> **Your task**:
Within the entries below, please retype exactly the lines starting with the line that has "文馨钱币收藏第 286 场，圣诞节专场【" and going on through the line that has "4 Zimmer Wohnung", but not the pictures.

> **Provided records**:

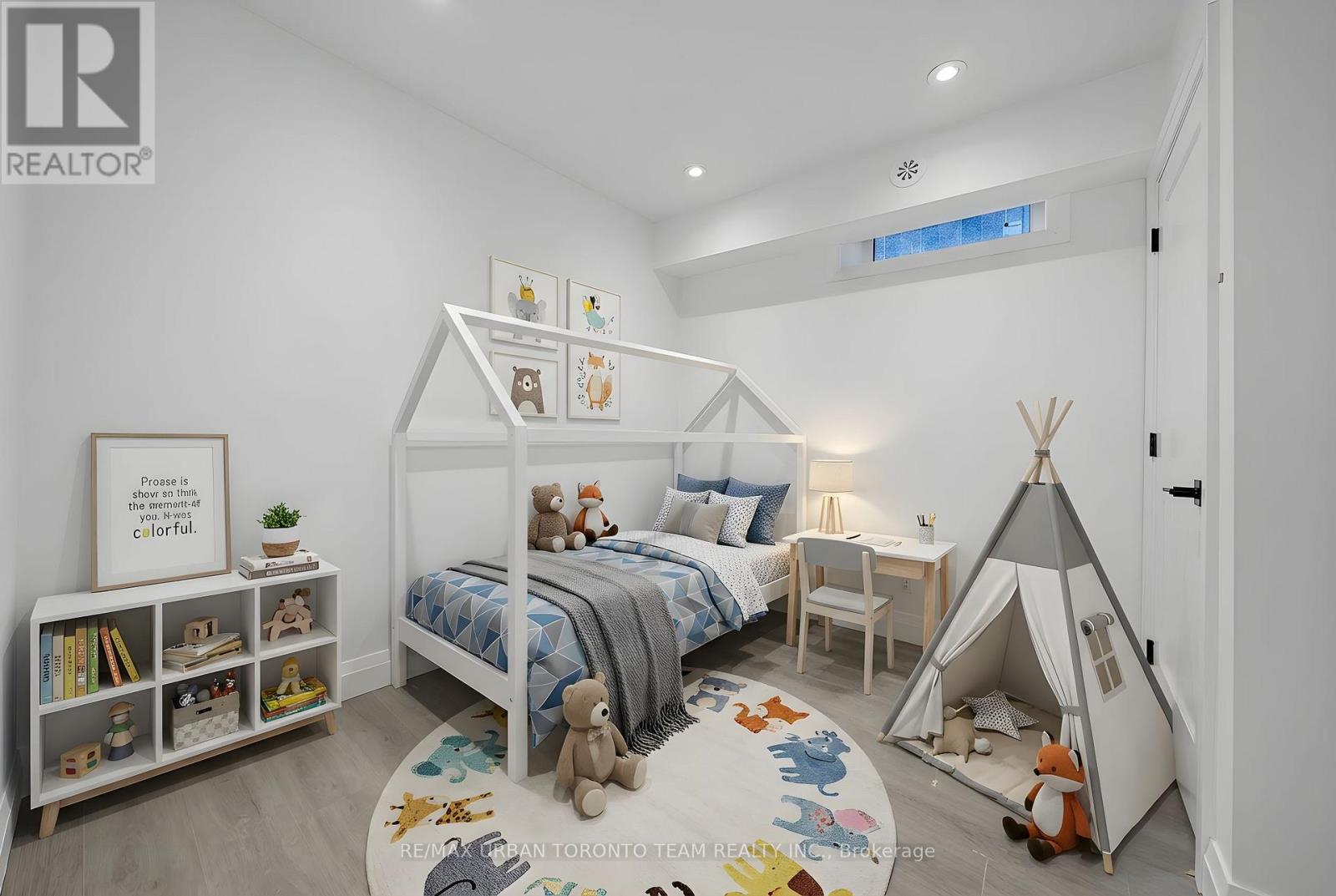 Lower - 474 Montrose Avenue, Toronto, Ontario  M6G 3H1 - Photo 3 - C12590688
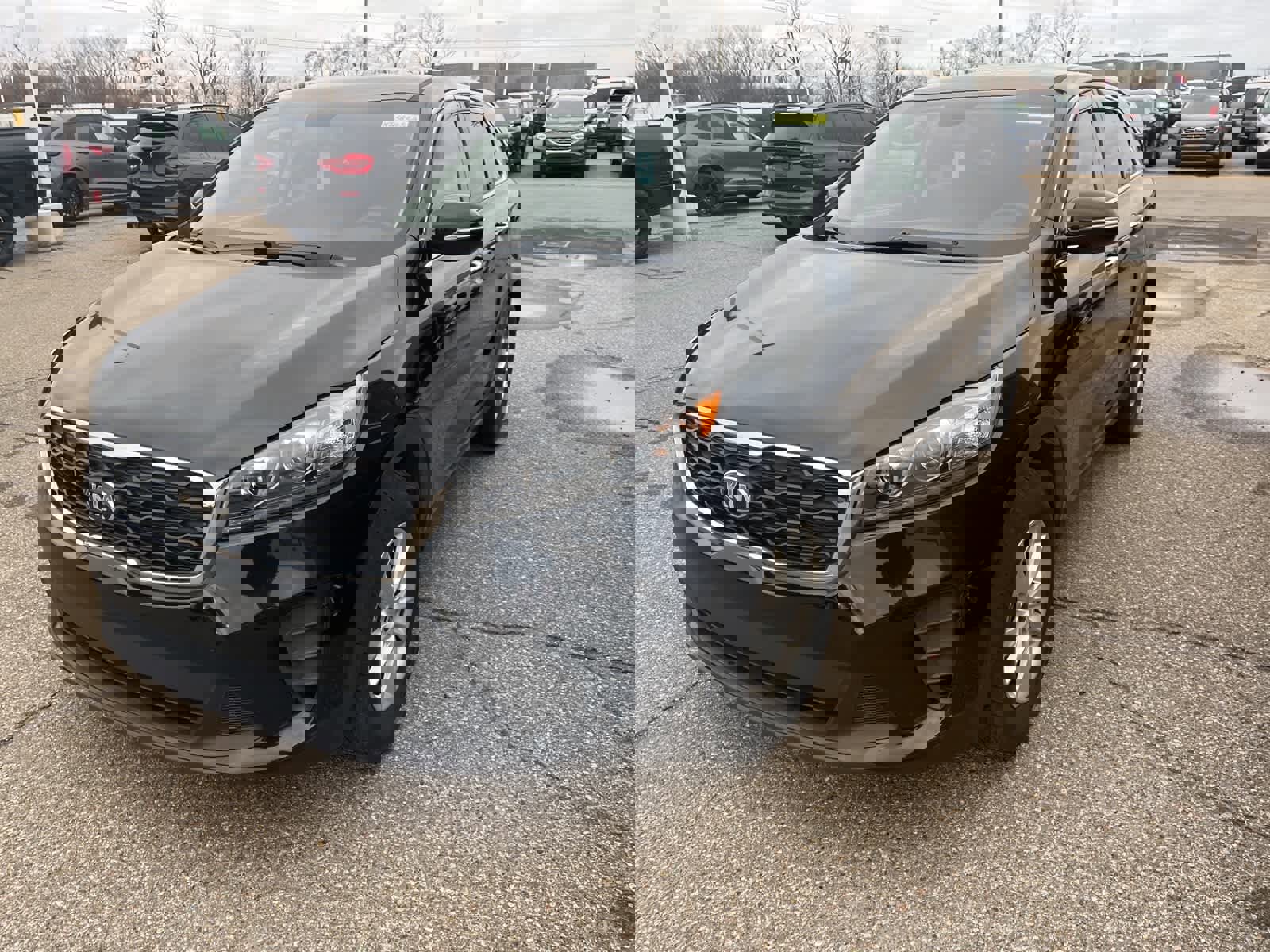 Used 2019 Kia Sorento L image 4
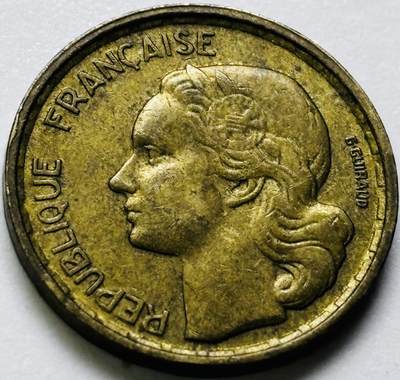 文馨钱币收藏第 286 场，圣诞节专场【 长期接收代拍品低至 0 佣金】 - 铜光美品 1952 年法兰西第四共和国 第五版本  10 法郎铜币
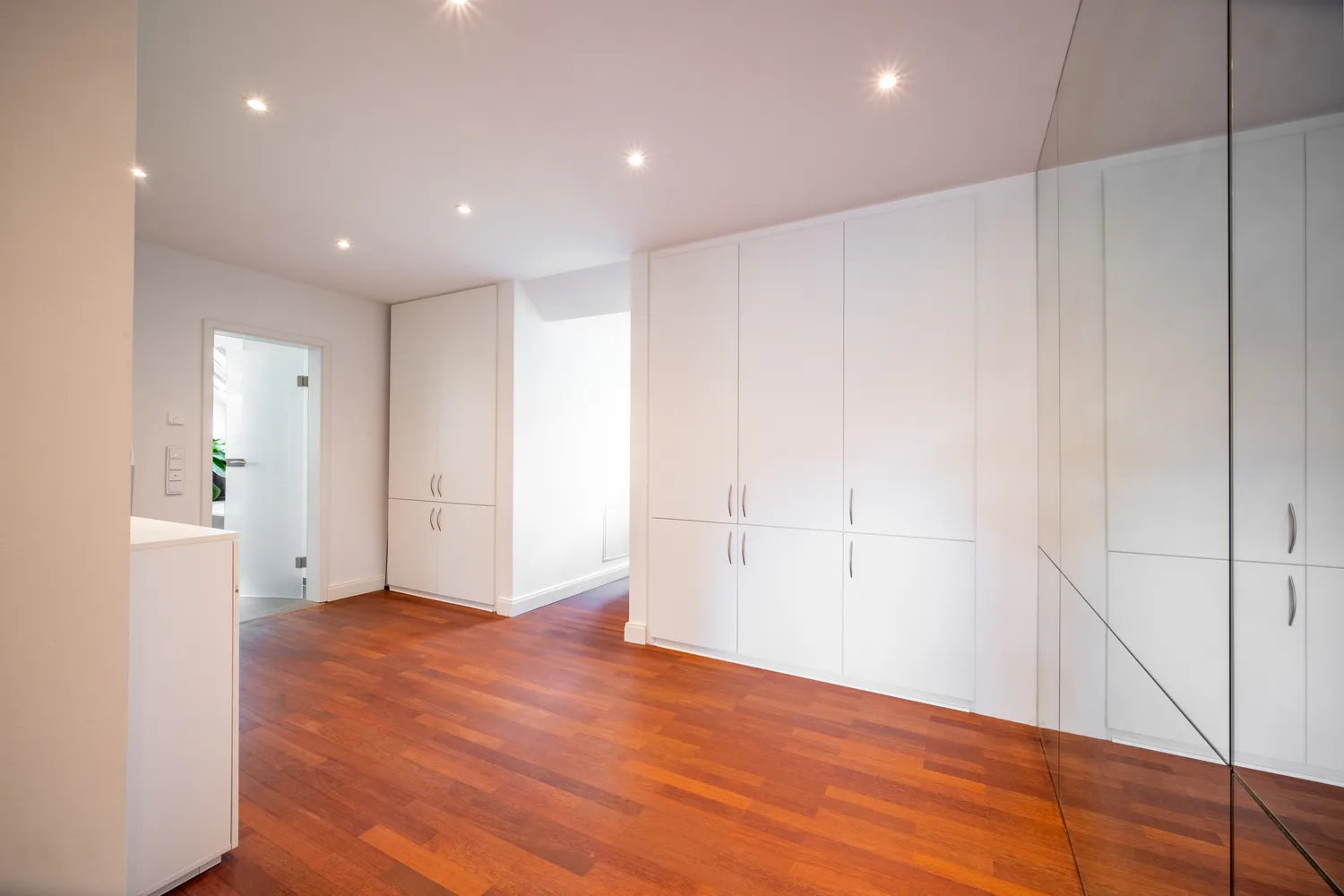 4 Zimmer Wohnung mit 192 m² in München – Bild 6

==

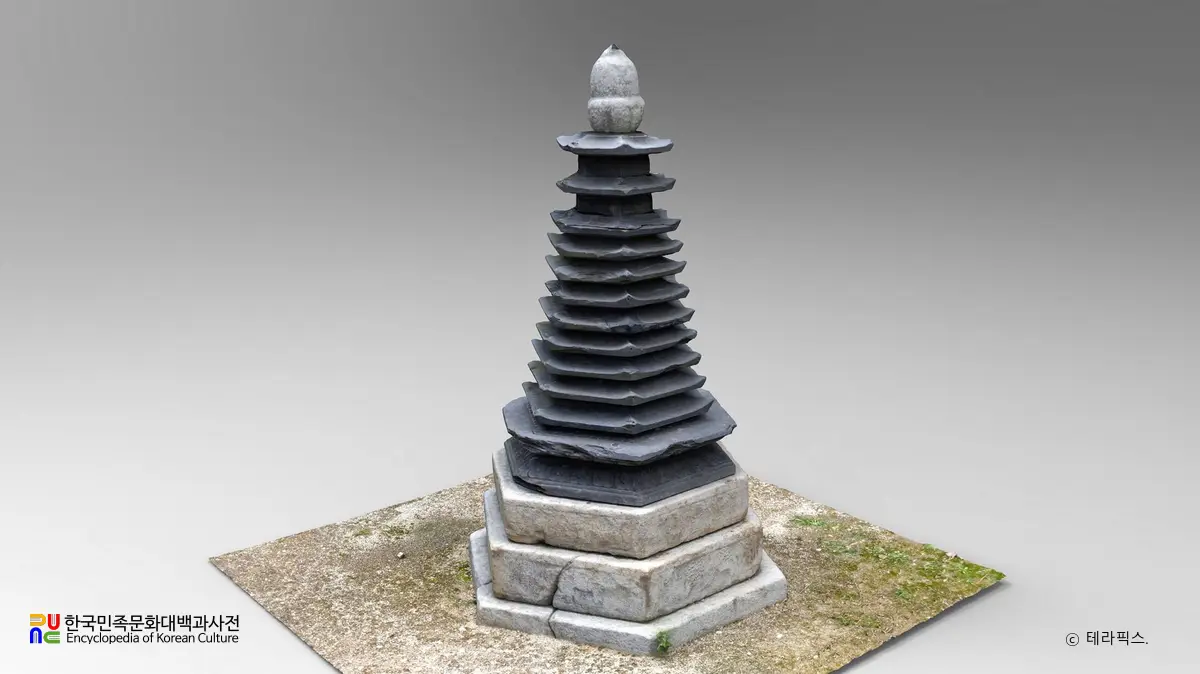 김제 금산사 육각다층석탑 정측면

...

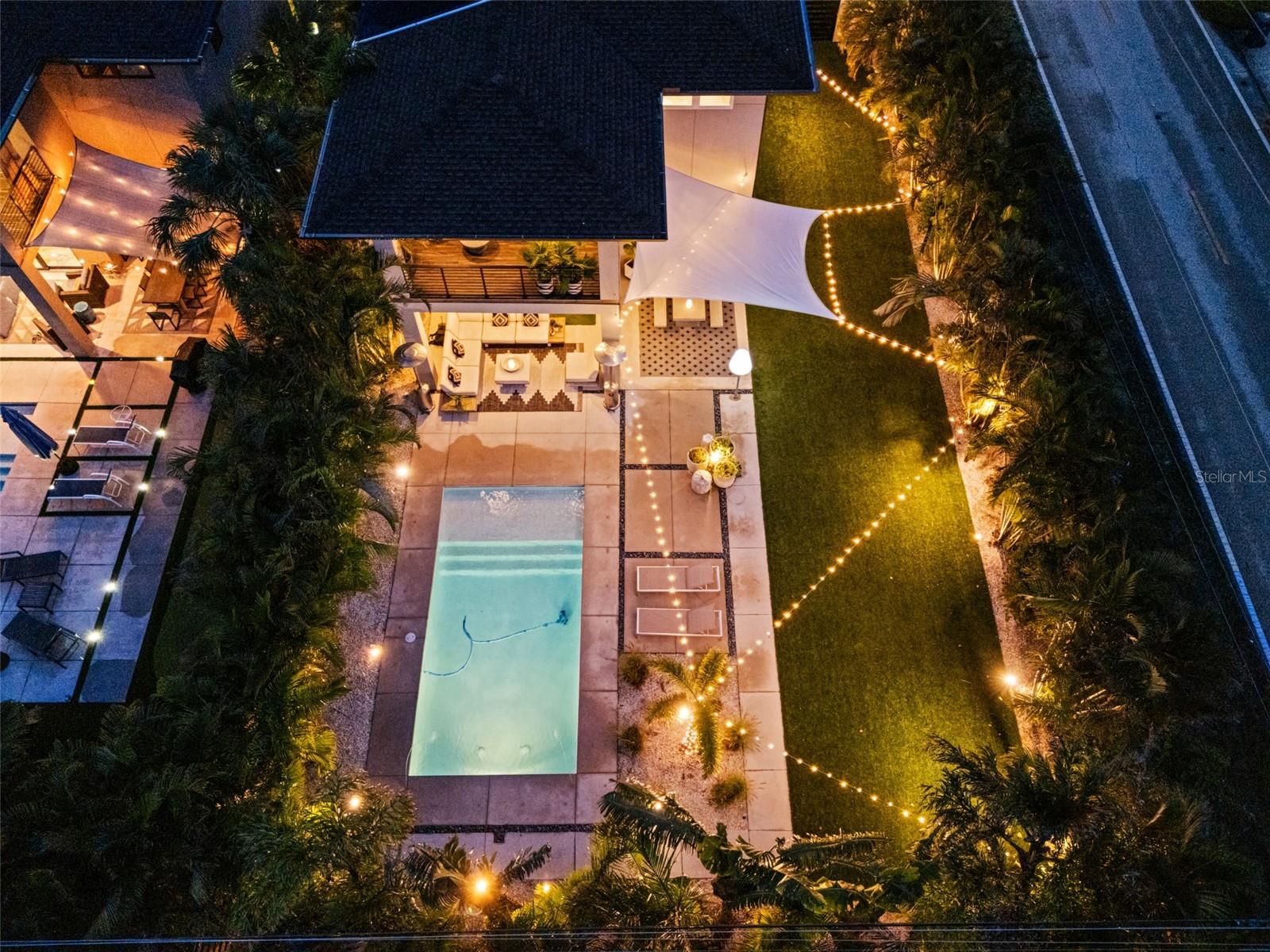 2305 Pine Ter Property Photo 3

> **Task output**:
 文馨钱币收藏第 286 场，圣诞节专场【 长期接收代拍品低至 0 佣金】 - 铜光美品 1952 年法兰西第四共和国 第五版本  10 法郎铜币
 4 Zimmer Wohnung mit 192 m² in München – Bild 6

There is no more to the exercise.